Zoltán Búzás (Drexel University), ‘Lost in Legal Translation: How Legalization Allows Human Rights Violations’
The committee was deeply impressed by the paper ‘Lost in Legal Translation: How Legalization Allows Human Rights Violations’ written by Zoltán Búzás from Drexel University. Developing a theory of evasion practices, Búzás explains why legalization of norms can counter-intuitively hinder the prevention of human rights violations. Based on substantial original research into France’s expulsion of Roma immigrants (2008-2016) and the Czech Republic’s placement of Roma children in schools for those with mild mental disability (1993-2016), the theoretical arguments are nicely interwoven with rich and detailed empirical material. Well grounded in the existing scholarship on norms research and legalization, the piece represents a major contribution to the norms literature, as well as the literature on human rights. The paper especially impressed us by the engagement with and utilization of legal theory and the novel theoretical proposal. In addition to its substantive contribution, which made the paper prize-worthy already, it is extremely well-written and developed, methodologically sound, and with insights that will be of wide interest to both scholars and practitioners.

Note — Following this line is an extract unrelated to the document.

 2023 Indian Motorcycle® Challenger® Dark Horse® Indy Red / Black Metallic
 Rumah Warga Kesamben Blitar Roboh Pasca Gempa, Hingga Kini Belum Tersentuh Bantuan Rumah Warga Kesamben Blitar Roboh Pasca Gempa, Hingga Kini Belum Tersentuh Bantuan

The Globalization of International Society re-examines the development of today’s society of sovereign states, drawing on a wealth of new scholarship to challenge the landmark account presented in Bull and Watson’s classic work, The Expansion of International Society (OUP, 1984). For Bull and Watson, international society originated in Europe, and expanded as successive waves of new states were integrated into a rule-governed order. International society, on their view, was thus a European cultural artefact – a claim that is at odds with recent scholarship in history, politics, and related fields of research.
Bringing together leading scholars from Asia, Australia, Europe, and the United States, this book provides an alternative account: it draws out the diversity of polities that existed at around c1500; it shows how interacting identities, political orders, and economic forces were intensifying within and across regions; it details the tangled dynamics that helped to globalize the European conception of a pluralist international society, through patterns of warfare and between East and West.
The Globalization of International Society examines the institutional contours of contemporary international society, with its unique blend of universal sovereignty and global law, and its forms of hierarchy that coexist with commitments to international human rights. The book explores the multiple forms of contestation that challenge international society today: contests over the limits of sovereignty in relation to cosmopolitan conceptions of responsibility, disputes over global governance, concerns about persistent economic, racial, and gender-based patterns of disadvantage, and lastly the threat to the established order opened up by the disruptive power of digital communications.
Anette Stimmer (University of Oxford), ‘Norm life cycle or norm square? Norm contestation of sovereignty and territorial integrity in the post-Cold War era’
This paper, ‘Norm life cycle or norm square? Norm contestation of sovereignty and territorial integrity in the post-Cold War Era’, by Anette Stimmer, makes a significant contribution to norms debates in IR. Stimmer connects the widely-known and popular concepts of the norm life cycle to more recent critical constructivist insights concerning the nature of norm contestation. Stimmer constructs a four-fold typology of norm and frame contestation that provides analytical purchase on the vast potential variety of contestation processes. Its detailed, rich, and wide-ranging empirical engagement is nicely interwoven with the innovative theoretical strands of the argument. An especially useful aspect of the paper is the detailed empirical illustrations of the four types of norm and frame contestation. This careful research makes a compelling case for the utility of the theoretical argument. The paper thus makes a novel contribution to the literature on norms research that should command wide attention.
Scott Hamilton (LSE), ‘Securing Ourselves from Ourselves? The Paradox of “Entanglement” in the Anthropocene’
This paper develops a creative perspective on the security implications of thinking with the concept of the Anthropocene through a discussion of ontological security, an approach which powerfully helps us grasp the stakes of these debates. The paper makes a complex ethical case based on humanity’s disentanglement from ‘nature’, developed through a critique of recent (posthuman) arguments about humanity’s enmeshment with the world and the ethical/agential implications that flow from this. In addition to its contributions to the IR theory literature and advancing theorizations about the Anthropocene, this paper also connects with and provides interventions of interests to a wide range of scholars working in international studies more broadly, including environmental studies, political theory and ethics.